Member of the Legislative Assembly
- In office 23 May 2019 – 2024
- Preceded by: M. Sunil Kumar
- Succeeded by: Kalikiri Murali Mohan
- Constituency: Puthalapattu

Personal details
- Born: 1972 (age 53–54) Chittoor, Andhra Pradesh, India
- Party: Indian National Congress
- Other political affiliations: YSR Congress Party ;

= M. S. Babu =

Indian politician

M. S. Babu is an Indian politician and member of the Congress Party.
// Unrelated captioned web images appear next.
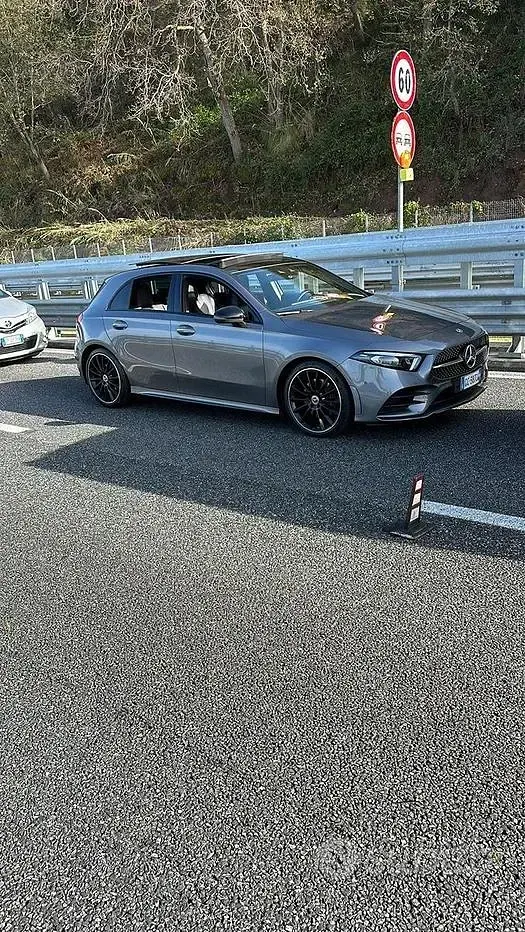 Usata Mercedes 220 190 CV (139 kW) 2021 Grigio Berlina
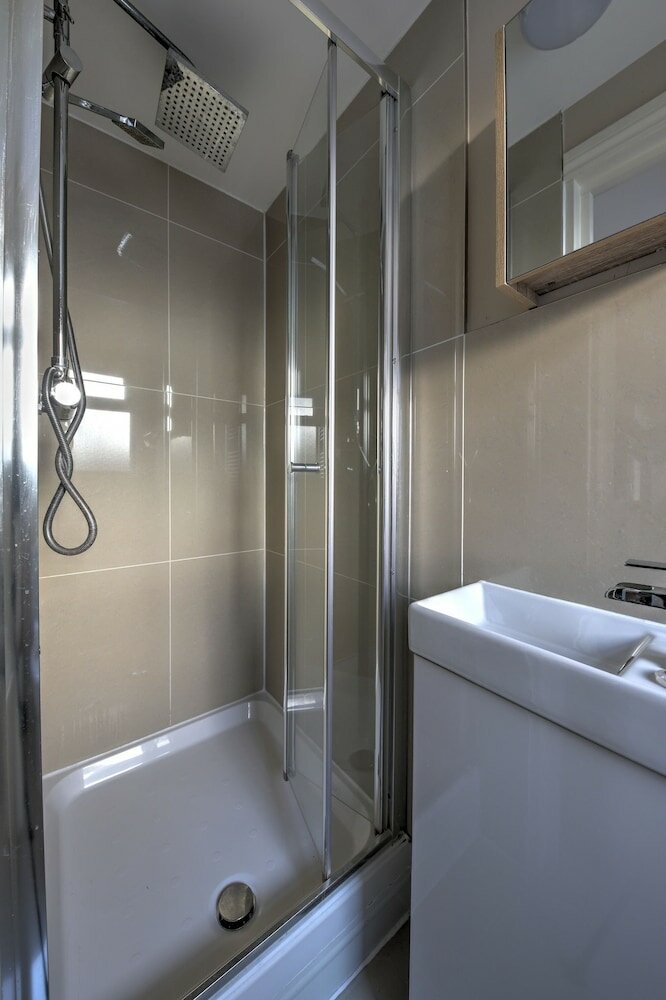 Фото Cj8 Medium Studio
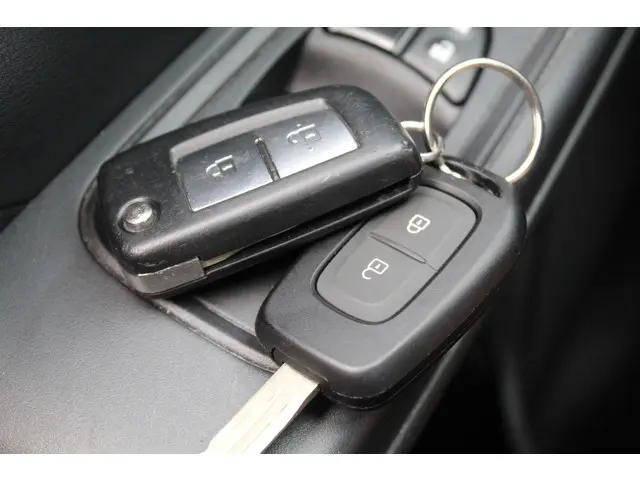 Nissan Micra 0.9 IG-T Visia+ 2017 Benzine 16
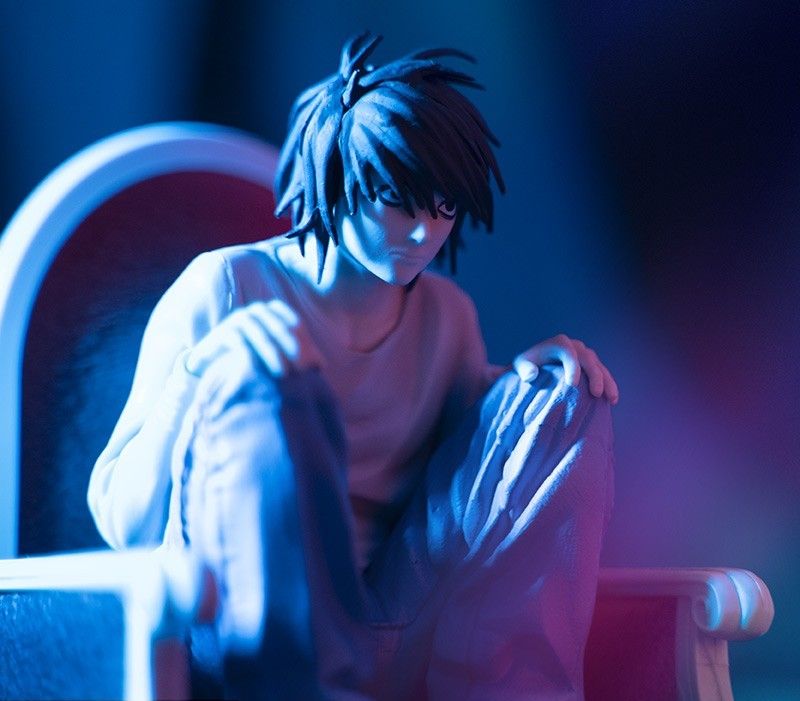 Статуетка ABYstyle Animation: Death Note - L, 15 cm | Ozone.bg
He was elected as member of the Andhra Pradesh Legislative Assembly from the Puthalapattu constituency in Chittoor district on YSR Congress Party ticket from 23 May 2019.

==Political career==
M. S. Babu started his political journey with the YSR Congress Party and contested as MLA from Puthalapattu constituency in 2019 Andhra Pradesh Legislative Assembly Election and won the MLA seat defeating his nearest rival L. Lalitha Kumari of TDP by a majority of 29,163 votes. In 2024 Assembly elections he was denied ticket from YSRCP and later he quit YSRCP and joined Congress in the presence of Andhra Pradesh Congress Committee President Y. S. Sharmila on 6 April 2024.